Ratu Seru Epenisa Cakobau (1815-1883) was King of Fiji from 8 December 1852 to 10 October 1874, when he ceded his country to Queen Victoria of the United Kingdom. He became the Tui Bau (Paramount Chief of Bau) on 8 December 1852; as Bau had nominal suzerainty over the remainder of Fiji, he asserted that he was in fact the King of Fiji. Cakobau's claim was not universally accepted, however, and he engaged in constant warfare for almost nineteen years to unify the islands under his authority. He finally succeeded, and in June 1871, he established Levuka as the capital of his united kingdom. He decided to set up a constitutional monarchy, and the first legislative assembly met in November of that year. Both the legislature and the Cabinet were dominated by foreigners.
Once a fierce cannibal, Cakobau renounced cannibalism upon his conversion to Christianity. Partly to pay a debt that he had incurred to the United States, and partly in the hope that the British would bring civilization and Christianity to Fiji, Cakobau decided to cede the islands to the United Kingdom in 1874. He remained Fiji's Paramount Chief, and lived quietly until his death in 1883.
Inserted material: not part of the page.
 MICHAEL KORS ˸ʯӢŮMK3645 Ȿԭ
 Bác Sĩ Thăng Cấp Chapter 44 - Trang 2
The Cakobau name is an honoured one in Fiji today, as many of the country's leading figures have been direct descendants of Cakobau's. His great-grandson, Ratu Sir George Cakobau, served as Fiji's first native-born Governor-General from 1973 to 1983. Another descendant, Ratu Epeli Nailatikau, is the present Speaker of the Fijian House of Representatives. Ratu Sir Kamisese Mara, modern Fiji's founding father, is also a descendant of Cakobau's, though not through the male line. Fiji's political, academic, and military elites are dotted with high-achieving Cakobau descendants.